Day 2 in San Jose started with me leaving the shady hotel and hitting the streets of downtown. You definitely get some interesting looks when you are walking among commuters with a a backpack on your chest and another on your back. The streets of San Jose are essentially on a grid. However, the grid does some zigzagging and the streets are very poorly labelled. All addresses are given as either the name of a street and an approximation of what other streets it’s between. Or, the location is referenced by its distance from a landmark. Places will literally give their address as “500 meters east of the casino.” It was an adventure and a challenge so I decided that there was no way I would pay for a cab. After about  3 hours and around 3 miles, I eventually found the hostel and saw a good bit of the city. One thing that was alarming to me was the presence of massive potholes and even missing grates on sidewalks and streets. There was onc place right at a sidewalk that had a hole that was at least five feet wide and ten feet deep. No warning.

Eventually I made it to the Costa Rica Backpacker’s hostel. It’s a very nice place, with an extremely helpful staff and a decent location. I hung around the pool for a while and went to a cafe for lunch.

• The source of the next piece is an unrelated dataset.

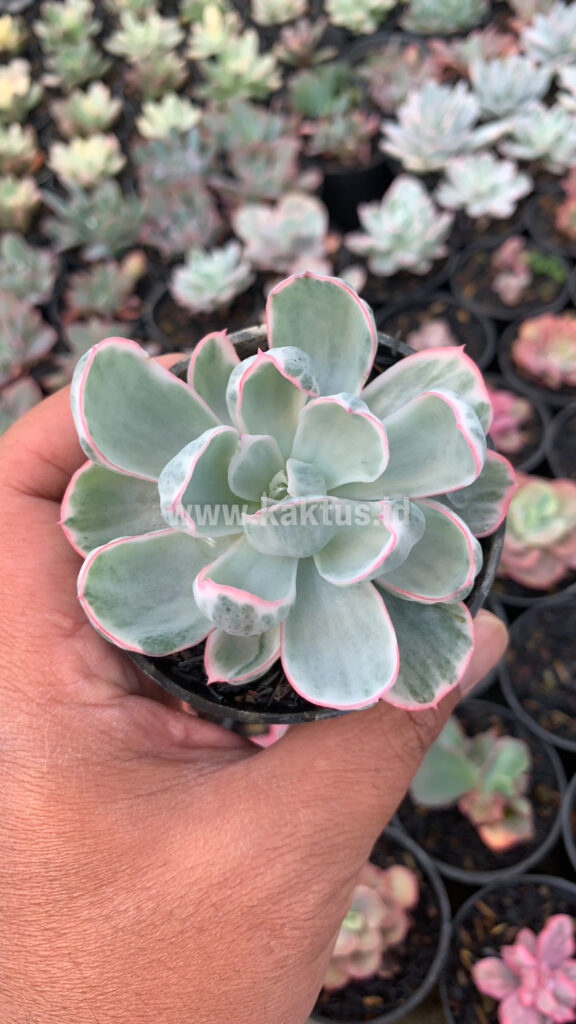 kaktus.id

At 7 P.M. I was supposed to be picked up to go get a rental car. At 7:30 P.M. I called to see where they were and there was some confusion about exactly where I was, but they said they would be on their way. I was very glad that I called, because I needed to be at the airport in a matter of hours. After I made my reservation with “U-Save Car Rental” I began emailing one of their employees in order to discuss a variety of potential issues. After working in the rental car business for several years, I knew there could definitely be some potential issues. Especially since I would be attempting to rent the car with a debit card. Despite saying things like, “What will the total charges (including deposit) be at the time of rental, I don’t want any surprises, what are the compete charges, etc” the rental car agent showed up and there were a few surprises. He tried to get me to sign 2 blank credit card receipts, one for the rental and one “in case of any damages”. I said there was no way in hell I was going to sign a blank check and then I proceeded to walk him through all of the email messages that I had sent. In the end I tore up the receipts and he left. That completely ruined the entire plan for Costa Rica and luckily I found a nice shuttle driver through the hostel to take me to the airport.

The next morning after many phone calls to various parties involved and other rental car companies, the guy at the counter of the hostel said he would see what he could do to help. He found a guy who would rent us a car for “$400 in cash.” I assumed that it was just a buddy of his who was lending us his personal car, but I was o.k. with it. It was even to be a SUV with 4 wheel drive and though it was double the original price, it was worth it we decided. So we set out to find ATMs that could give us both the US dollars and Costa Rican Colones that we neeeed to get the trip on the way. After a million different ATMs that said they were out of dollars I eventually got to one that said “insufficient funds.” I knew that I had more than enough in my account, so i decided to head back to the hostel to get on the internet and see what was wrong. U-SAVE car rental had charged my debit card almost $900!!!!! I did not give my debit card number at the time of rental, so the only possible way that could happen is if the guy went back to the office and charged my card, AFTER I refused the car and tore up the receipts. Needles to say I was livid. For the first time ever, Bank of America was actually good to me and I think we have the problem solved, but I still need to check and see if they have tried to charge me again. They didn’t even just try to charge a cancellation fee, or the amount of the rental, or anything even half way reasonable. They charged me the entire amount that was almost 4 times what they originally said it would be. This is fraud.

Eventually I get moneys and the guy comes with the car. He fills out the rental car contract and gives me his cell phone number. Despite broken English I find out everything I need to know about the car and come to the realisation that even though I have a rental contract, this deal is being done completely off the books. That’s the thing I love about central america. There is a solution to every problem. Someone is  always willing to take your money, even if it is a little shady. So we finally hit the road and started heading toward La Fortuna. The SUV has a USB port built in to the stereo and even though my ipod would not work, i happened to have a flash drive loaded with music that works great. My mood was instantly elevated and after picking up some beers for the drive, I was grinning ear to ear and finally on the Interamericana.